Are taxpayer subsidies for elections consistent with the First Amendment? Last week two of my favorite tech policy thinkers — my former Cato Institute colleague Jim Harper and copyright scholar turned campaign finance crusader Larry Lessig — had an exchange about Lessig's proposal for a "democracy voucher" to finance American campaigns. Lessig argues that the proposal was tailor-made to address libertarian objections to conventional campaign finance regulations. But Harper doesn't buy it. He thinks subsidizing political speech — even indirectly — runs afoul of the First Amendment.

Interestingly, Lessig's argument for the constitutionality of democracy vouchers runs directly parallel to the traditional libertarian argument for school vouchers. Liberals have long objected to school vouchers because they force secular taxpayers to subsidize religious instruction with which they might disagree. Libertarians counter that because it's parents, not the government, who are deciding how the money will be spent, voucher programs don't run afoul of the First Amendment's ban on the establishment of religion.

The same argument seems to apply to democracy vouchers. True, if you're a Republican, you might be miffed to see your tax dollars flowing to Democratic campaigns. But ultimately, the amount of money that goes to Democrats, Republicans, Libertarians, and other political parties is controlled by individual voters, not the government.

Harper counters that "school vouchers promote education, sometimes religious. Campaign vouchers never don't promote political speech." But this seems like an awfully narrow distinction to draw.
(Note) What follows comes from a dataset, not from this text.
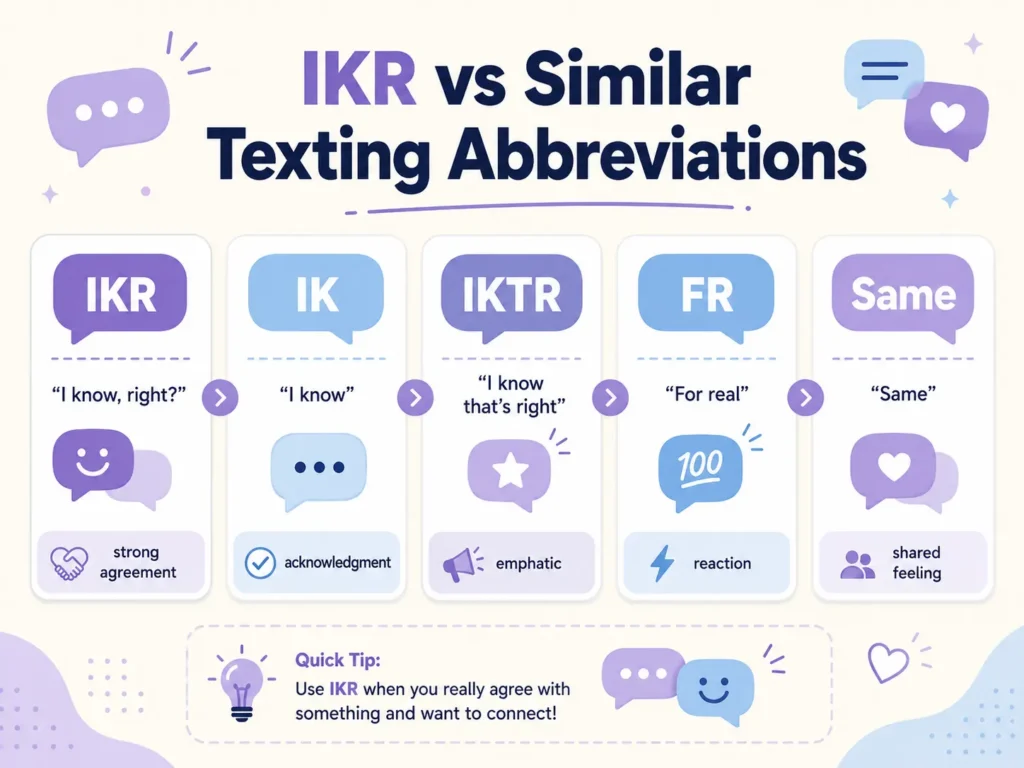 IKR vs similar texting abbreviations infographic comparing IKR, IK, IKTR, FR, and “Same” with their meanings and tones.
Democracy vouchers only go to candidates if voters choose to use them, just as school vouchers only go to religious schools if parents choose to use them that way. In both cases, the practical result is that taxpayer funds subsidize expressive activities some taxpayers find objectionable.

I think the more fundamental issue is that liberals like Lessig think the corrupting influence of campaign donations is a big problem and libertarians like Harper don't. The First Amendment has a lot of ambiguity, so people inevitably read their own policy preferences into it. Libertarians think school choice is a good idea, so they're inclined to read the First Amendment in a way that permits it. Liberals think school choice is a bad idea, so they read the First Amendment in a way that prohibits it. On the issue of democracy vouchers, liberals and libertarians have opposite policy views and so they wind up reading the Constitution in opposite ways.

It's worth mentioning that the Supreme Court has taken the permissive view in both cases. The court upheld the constitutionality of school vouchers in 2002. And it has held since 1976 that public financing of campaigns "furthers, not abridges, pertinent First Amendment values."